--- Data Enclosed Below ---
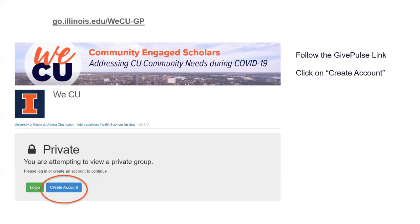The first thing you want to do is visit go.illinois.edu/wecu-gp. You'll see the link up at the top of the screen here. If you follow this link, it will take you to the We See You group page where you'll be invited to either log in or create an account to continue.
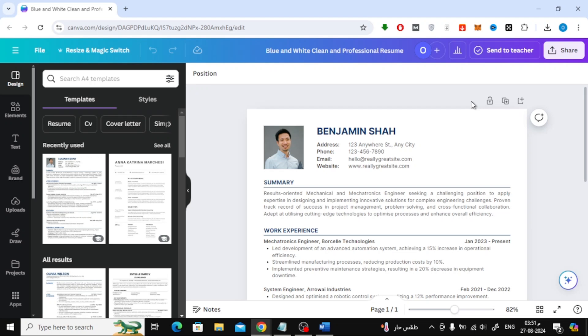Welcome back to our channel. In today's video, I'm going to show you how to convert a PDF to a Word document using Canva.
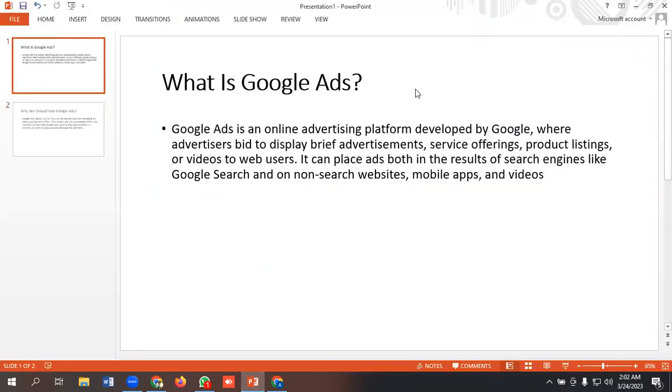What is Google Ads? Google Ads is an online advertising platform developed by Google where advertisers bid to display brief advertisements, service offerings, product listings, or videos to web users. It can place ads both in search engine results like Google Search and on non-search websites, mobile apps, and videos.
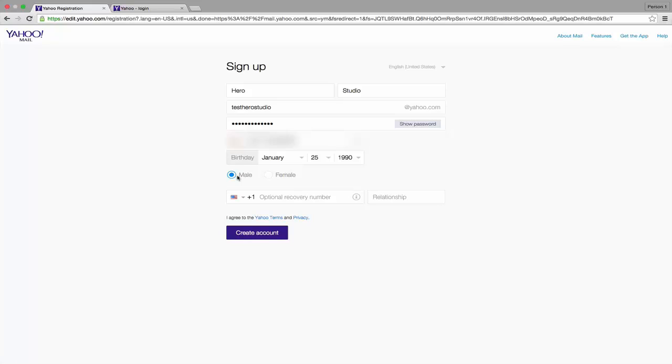I'm going to skip this. After filling everything correctly, click the purple Create Account button at the bottom.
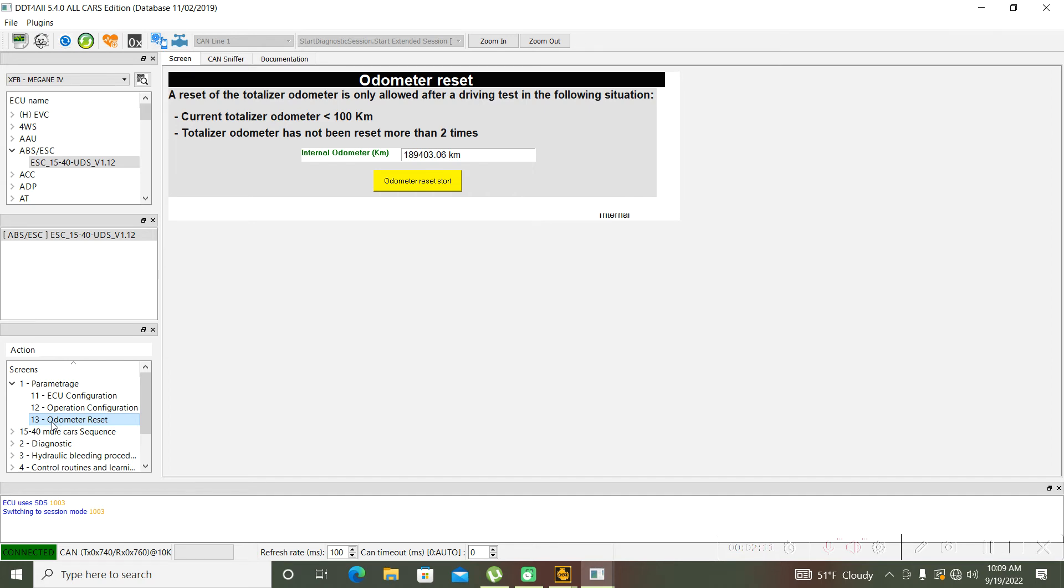Please don't use this function to rewrite the kilometers of your car because this is not legal.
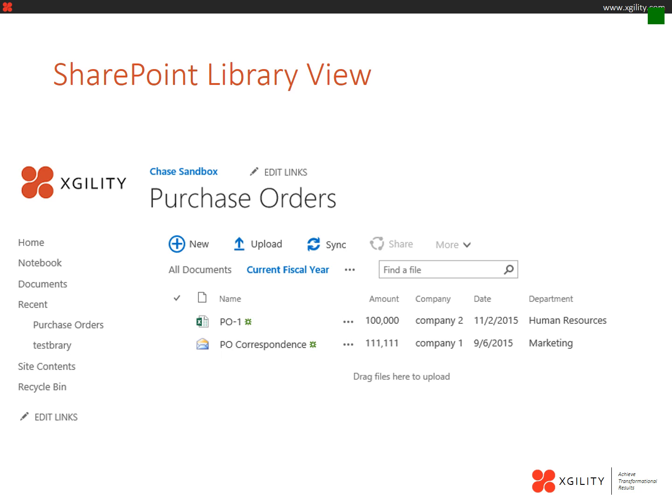In this particular case we have a view of the current fiscal year, but we can also sort any of those views by any of the fields, including amount, date, company, etc.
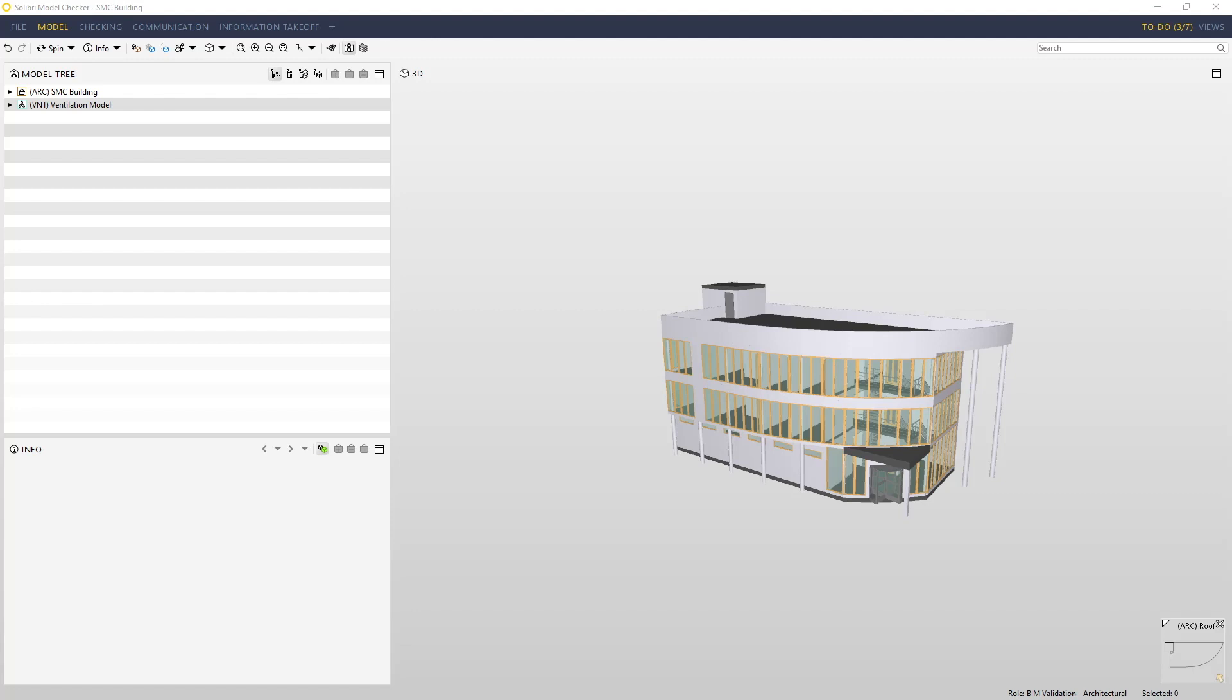Now we have a federated model consisting of two IFC files loaded in the Solibri model checker, we need to look at how we can navigate. The easiest way to do this is with a standard three-button wheel mouse.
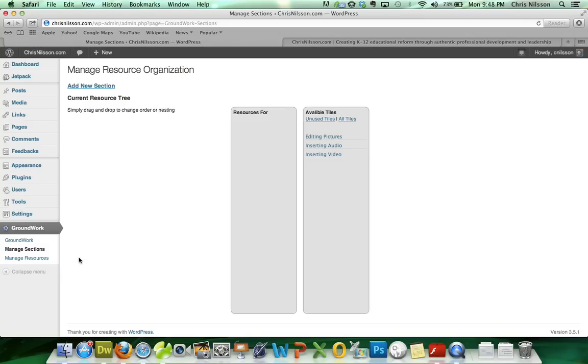Groundwork organizes resources like you would organize books on a shelf. So you have books that can contain chapters, that can contain sections, and those sections contain our resources. You don't need all the levels, but we do at least need to start with a book.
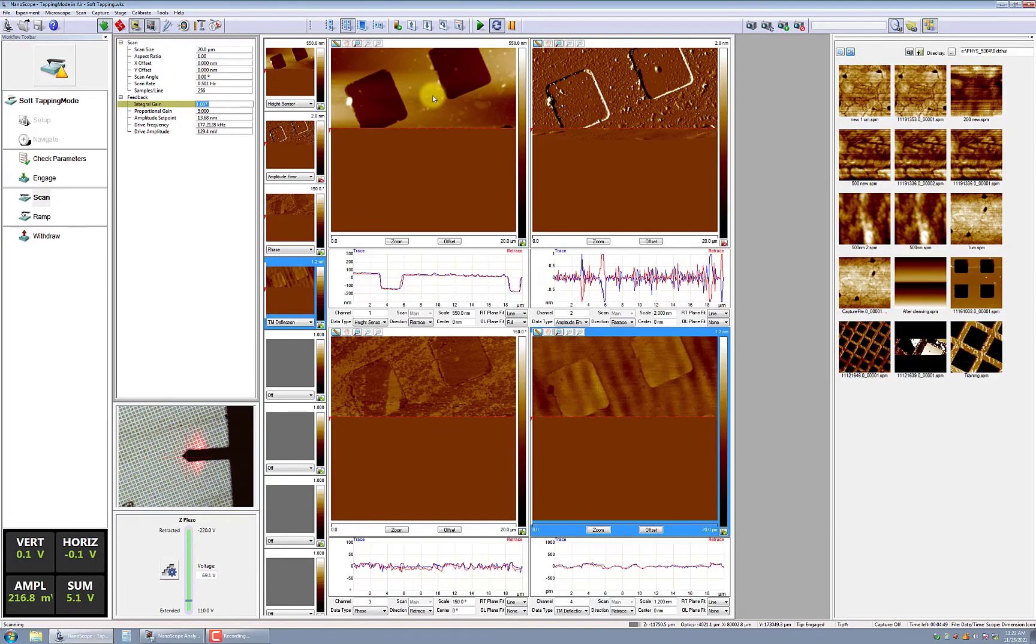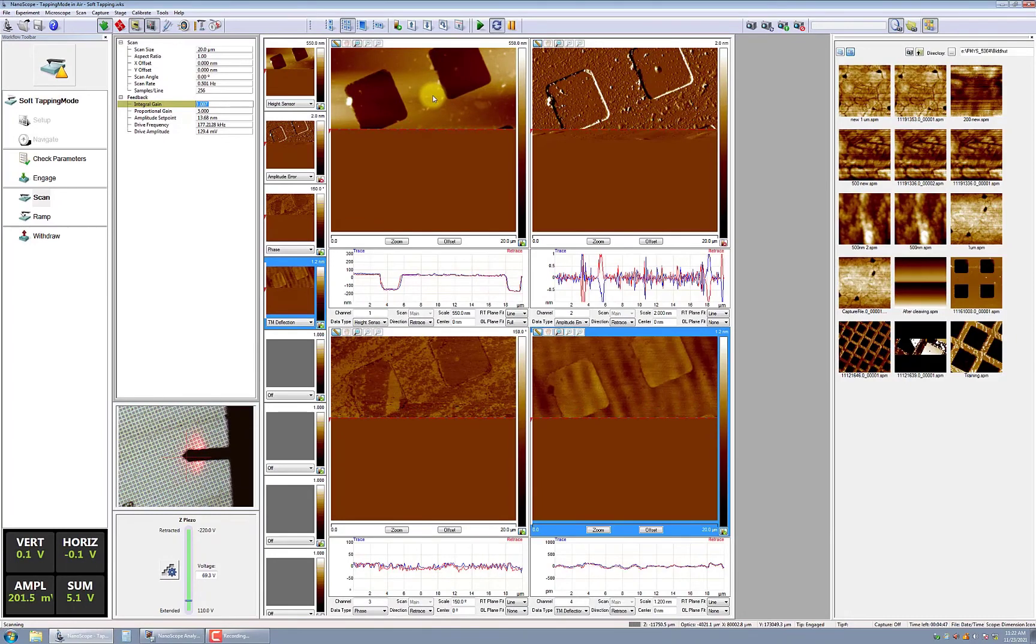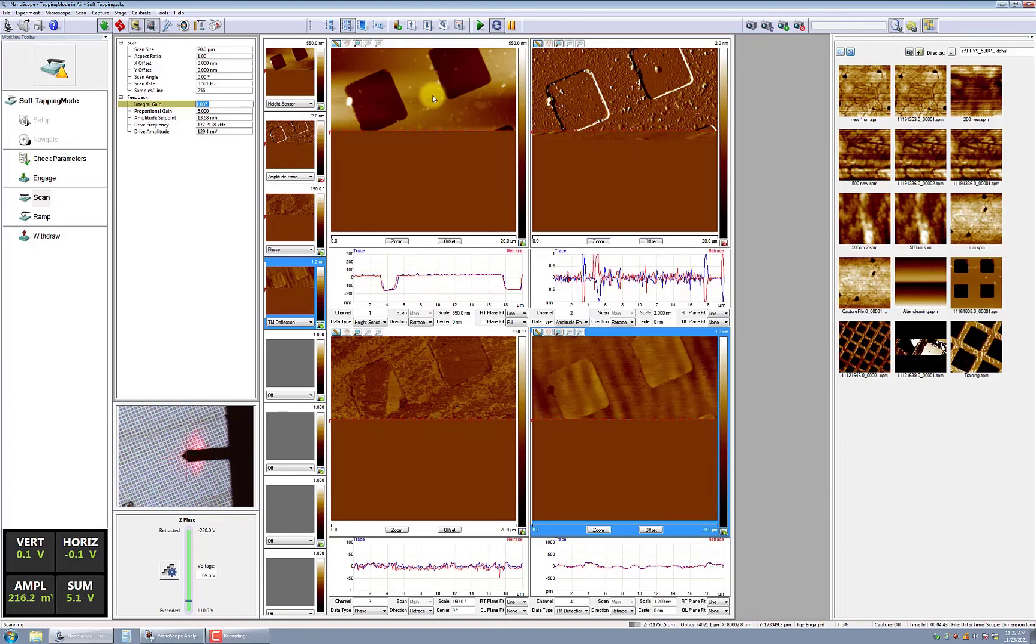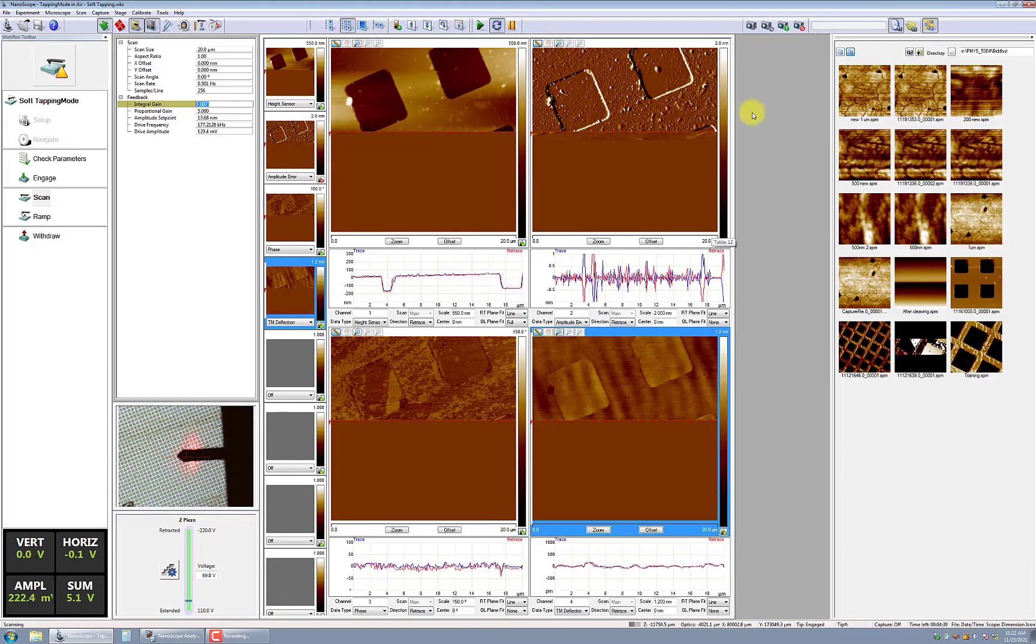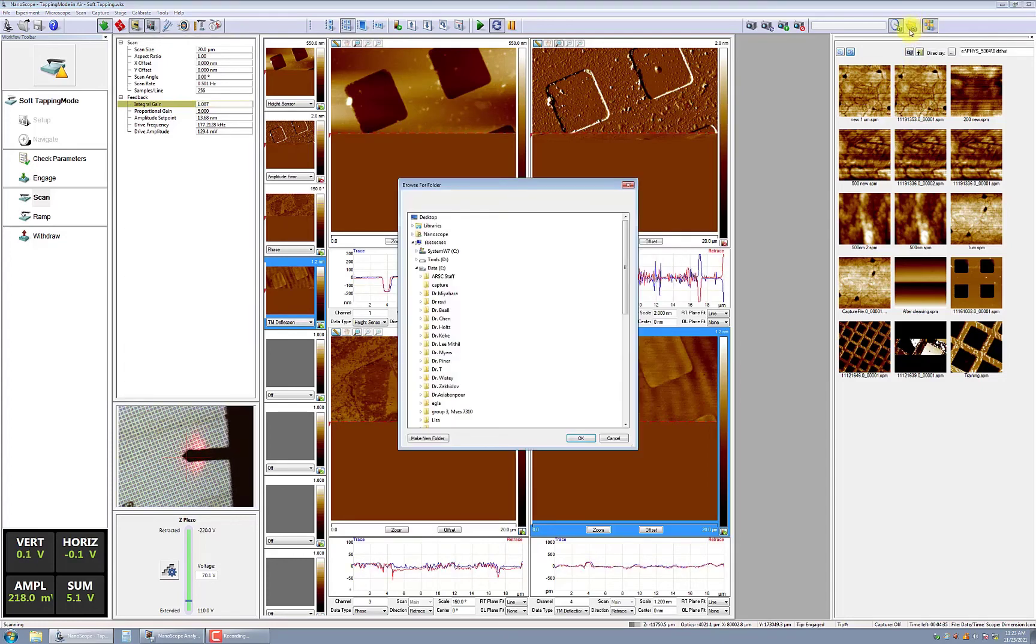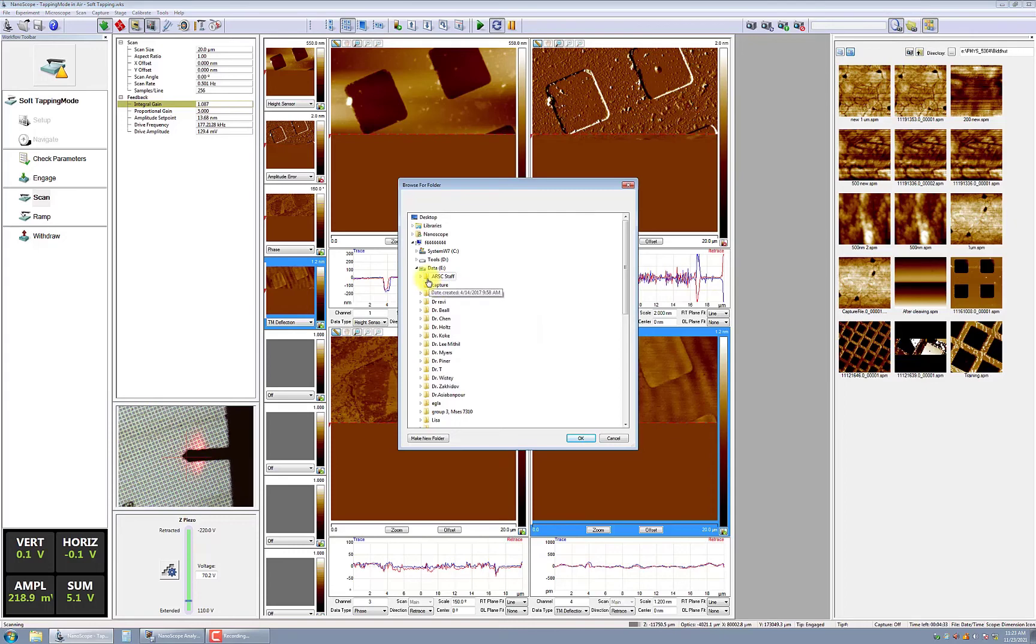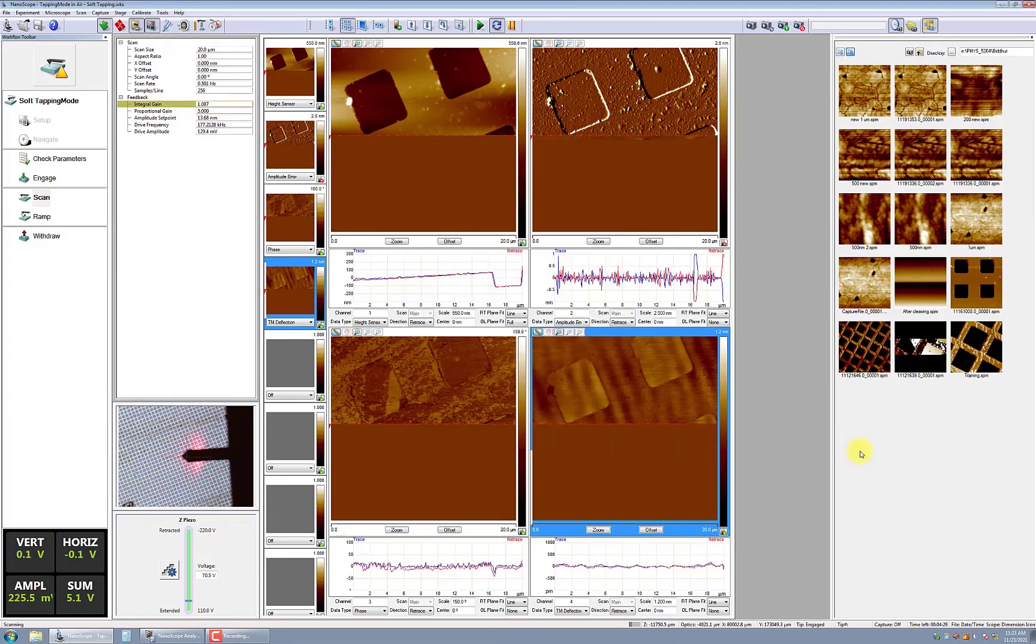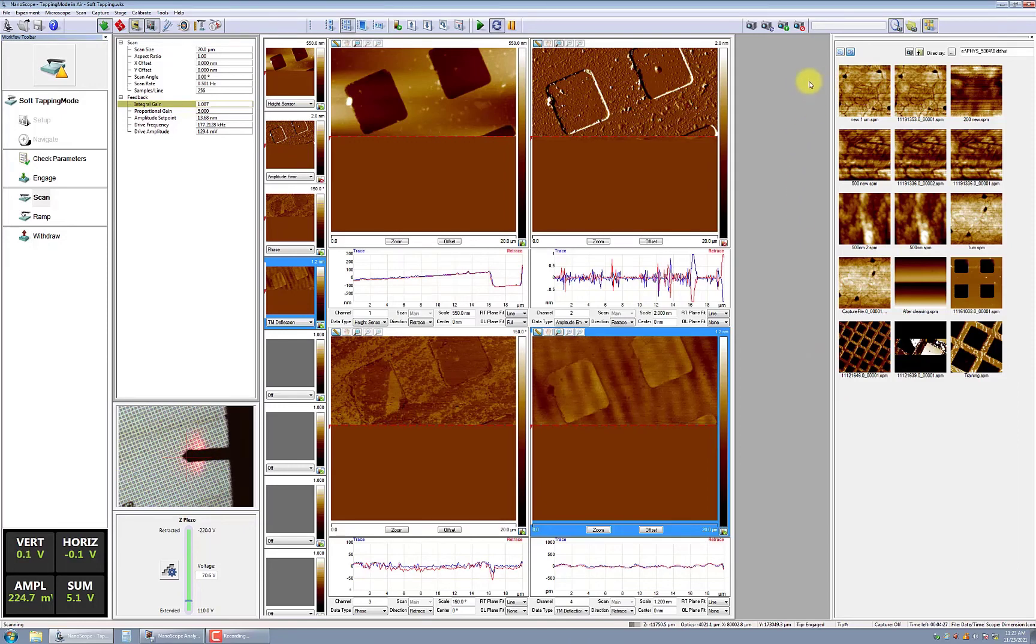Once all the scanning parameters are optimized, it's time to capture and save the scans. First, you'll want to set the capture directory and confirm that's the location where you wish to store your data. You should also give some thought to your file nomenclature, such as a timestamp data or specific identifying information in the file name.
--- End of Enclosed Data ---
## What to do
Without any pictures, please reproduce the full set of entries.

## Exercise result
The first thing you want to do is visit go.illinois.edu/wecu-gp. You'll see the link up at the top of the screen here. If you follow this link, it will take you to the We See You group page where you'll be invited to either log in or create an account to continue.
Welcome back to our channel. In today's video, I'm going to show you how to convert a PDF to a Word document using Canva.
What is Google Ads? Google Ads is an online advertising platform developed by Google where advertisers bid to display brief advertisements, service offerings, product listings, or videos to web users. It can place ads both in search engine results like Google Search and on non-search websites, mobile apps, and videos.
I'm going to skip this. After filling everything correctly, click the purple Create Account button at the bottom.
Please don't use this function to rewrite the kilometers of your car because this is not legal.
In this particular case we have a view of the current fiscal year, but we can also sort any of those views by any of the fields, including amount, date, company, etc.
Now we have a federated model consisting of two IFC files loaded in the Solibri model checker, we need to look at how we can navigate. The easiest way to do this is with a standard three-button wheel mouse.
Groundwork organizes resources like you would organize books on a shelf. So you have books that can contain chapters, that can contain sections, and those sections contain our resources. You don't need all the levels, but we do at least need to start with a book.
Once all the scanning parameters are optimized, it's time to capture and save the scans. First, you'll want to set the capture directory and confirm that's the location where you wish to store your data. You should also give some thought to your file nomenclature, such as a timestamp data or specific identifying information in the file name.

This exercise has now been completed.